= Exercise aim =
An exact transcription of each entry below is required, without any pictures.

Web page caption snippets:
*** Begin section ***

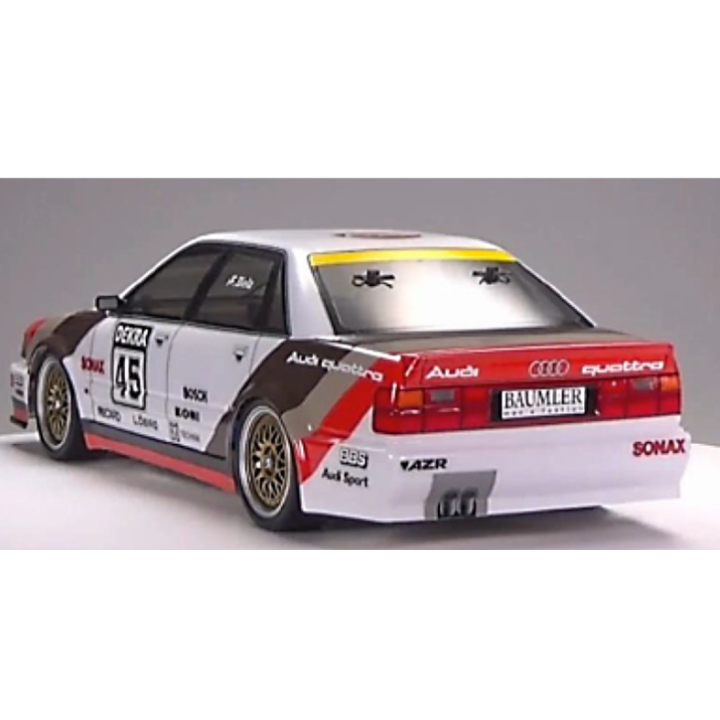Tamiya TT-02 Audi V8 Touring 1991 – Coche RC 1/10 DTM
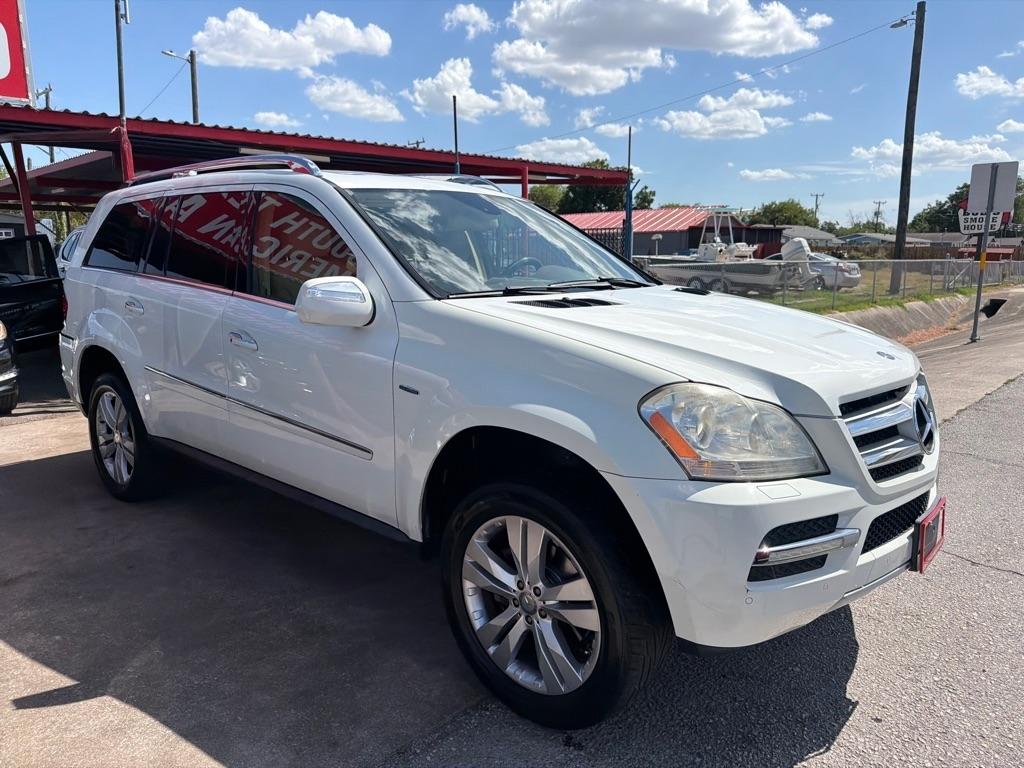 Mercedes-Benz GL-Class GL350 BlueTEC 2010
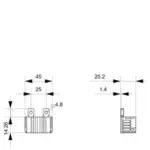 Siemens 3RA6940-0A - Image 2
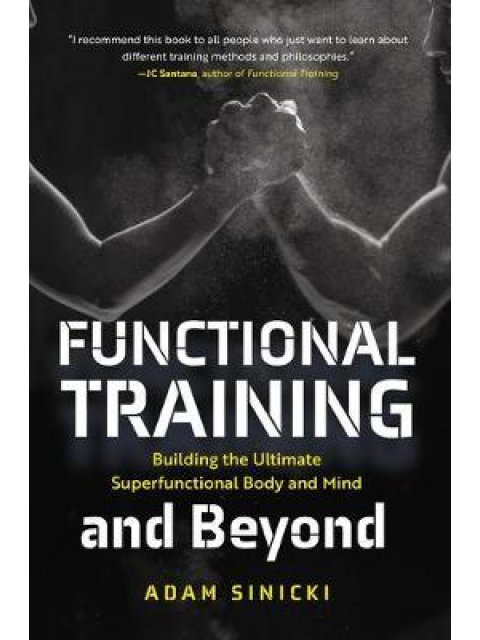 Functional Training and Beyond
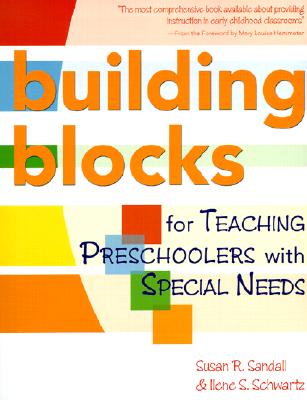 Image for Building Blocks for Teaching Preschoolers With Special Needs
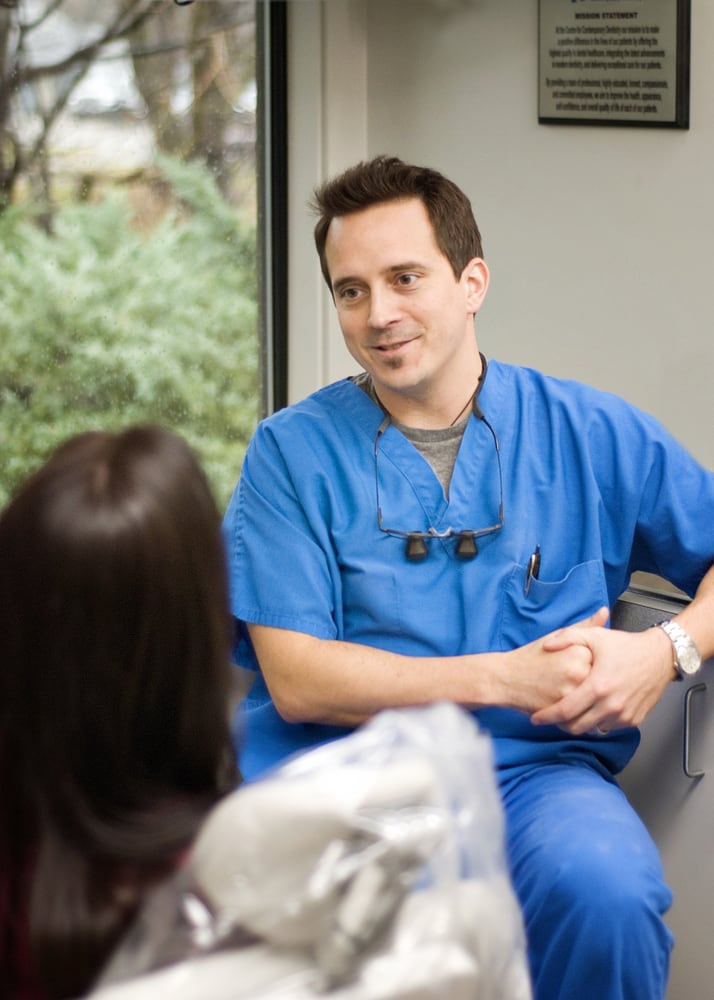 THE CENTRE FOR CONTEMPORARY DENTISTRY Updated September 2024 5477 N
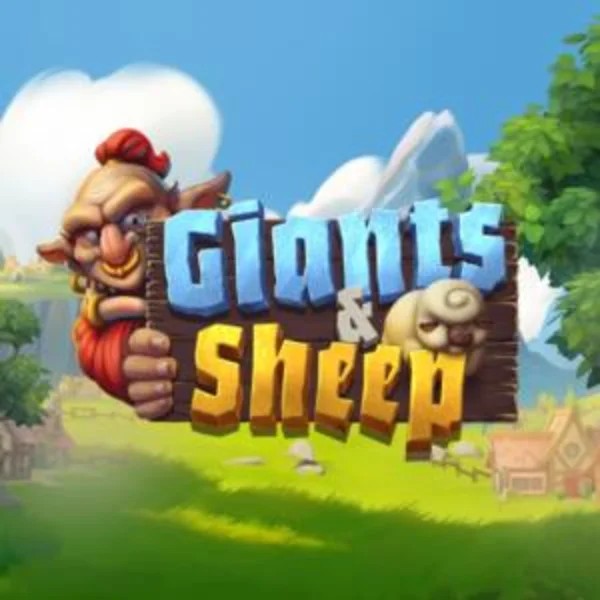 Giants and Sheep – slot by Relax Gaming, featured at spinbara.eu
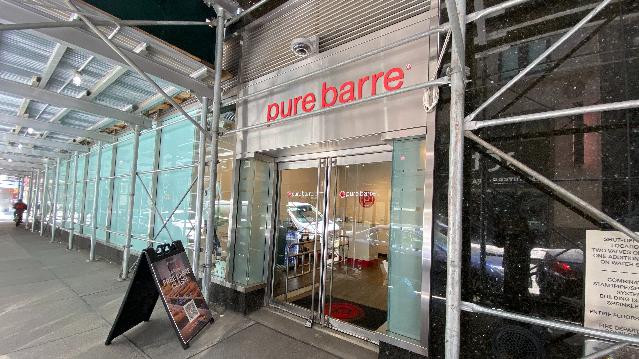 Image 2 from Pure Barre New York | Financial District partner gallery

*** End section ***

= Exercise response =
Tamiya TT-02 Audi V8 Touring 1991 – Coche RC 1/10 DTM
 Mercedes-Benz GL-Class GL350 BlueTEC 2010
 Siemens 3RA6940-0A - Image 2
 Functional Training and Beyond
 Image for Building Blocks for Teaching Preschoolers With Special Needs
 THE CENTRE FOR CONTEMPORARY DENTISTRY Updated September 2024 5477 N
 Giants and Sheep – slot by Relax Gaming, featured at spinbara.eu
 Image 2 from Pure Barre New York | Financial District partner gallery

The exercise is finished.